Annick nous propose donc d’écrire une histoire (prose ou poésie) comme vous savez si bien le faire:

– soit en utilisant des titres de romans, de chansons, de fables ou de poèmes (ex: Les trois mousquetaires rendent visite à la Dame aux camélias. Ils partent visiter Notre Dame de Paris et… …)

– soit en utilisant les titres de chapitres d’un livre que vous avez particulièrement aimé. (ex: mon texte du 090520, « Faut pas pousser » ) À vos plumes ou vos claviers et régalez-nous comme à votre habitude!

 

Lettre à mon fils

 

Non je n’ai rien oublié. La tendresse dans tes sourires et le p’tit bonheur de t’avoir dans ma vie.  Ma liberté n’était réservée qu’à toi mon petit garçon. Tu te souviens de Sarah ? elle n’avait plus vingt ans, mais il aurait suffi de presque rien pour qu’elle devienne  ma compagne, alors  je pense à elle et je l’appelle dans mes rêves Madame Nostalgie.

L’absence est d’autant plus difficile que je ne suis qu’un italien plus très jeune et je me demande souvent : combien de temps ? il est où le temps qui reste ?

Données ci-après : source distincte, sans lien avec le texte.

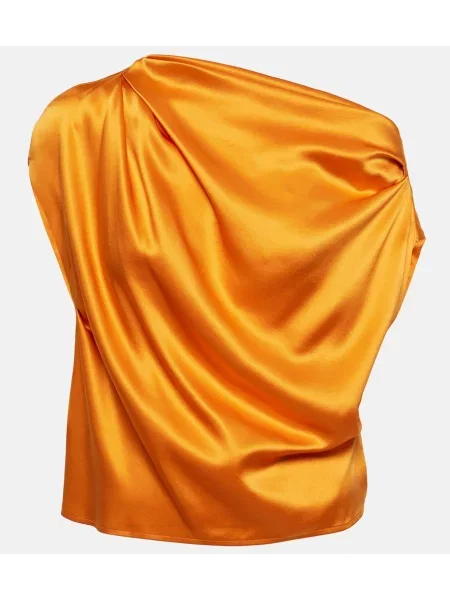 Jedwabny top The Sei drapowany na jednym ramieniu pomarańczowy
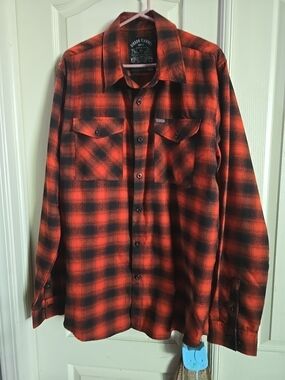 Dixxon Flannel Company Workforce Shirt Mens XXL Tall Orange Plaid Button Up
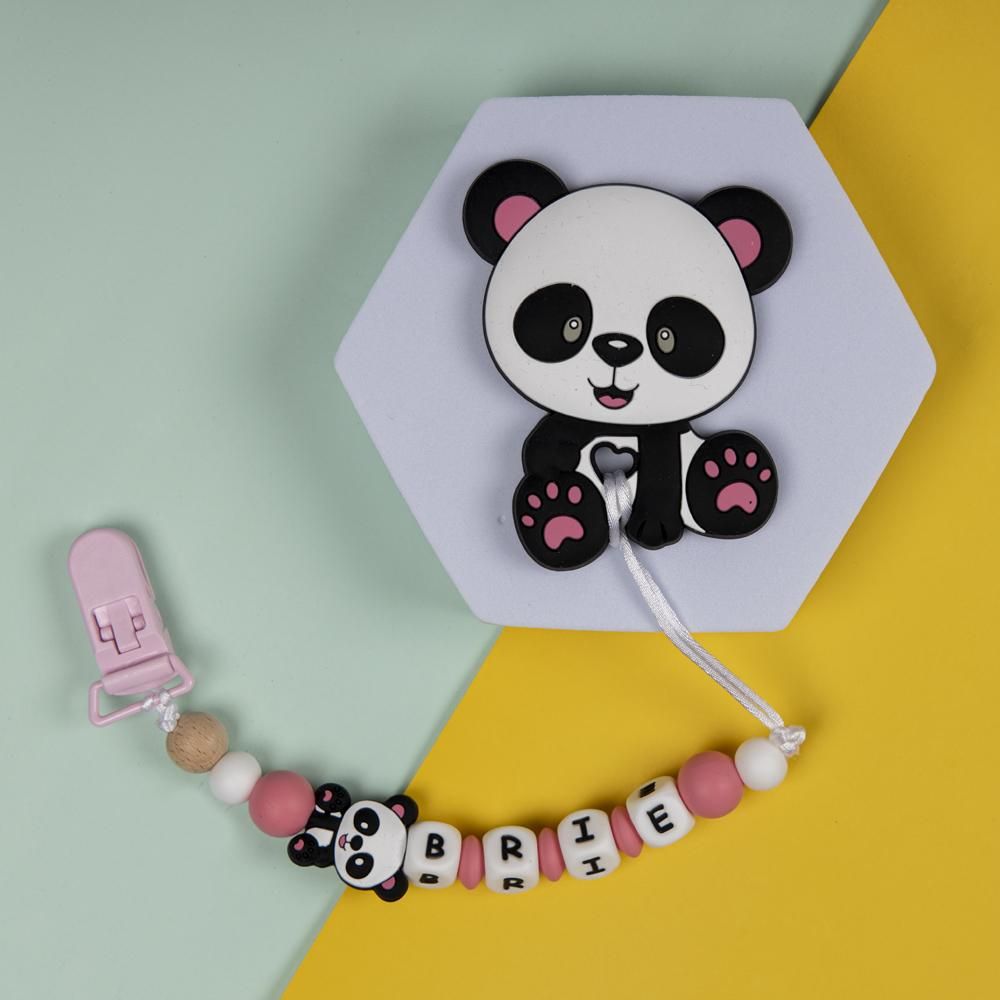 Babies Basic - Customized Pacifier Clip - Panda - Pink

Et puis mon garçon, si l’on se rencontre, tu me paieras un verre et je te raconterai Venise, car Venise n’est pas en Italie, elle est dans mon cœur.

Bon assez parlé de moi, l’homme fossile ! Non non ne proteste pas, je sais que Sarah et moi ne sommes pour toi que le vieux couple désuni mais mes dernières pensées vont vers toi, le petit garçon que j’ai aimé. Et dis-toi que si je t’écris aujourd’hui seulement c’est que je me dis qu’il suffirait de presque rien pour que ma solitude ne soit plus qu’un souvenir. Je voudrais pas crever sans t’avoir revu et surtout sans avoir dansé la java des bombes atomiques. Tu vois  je délire déjà.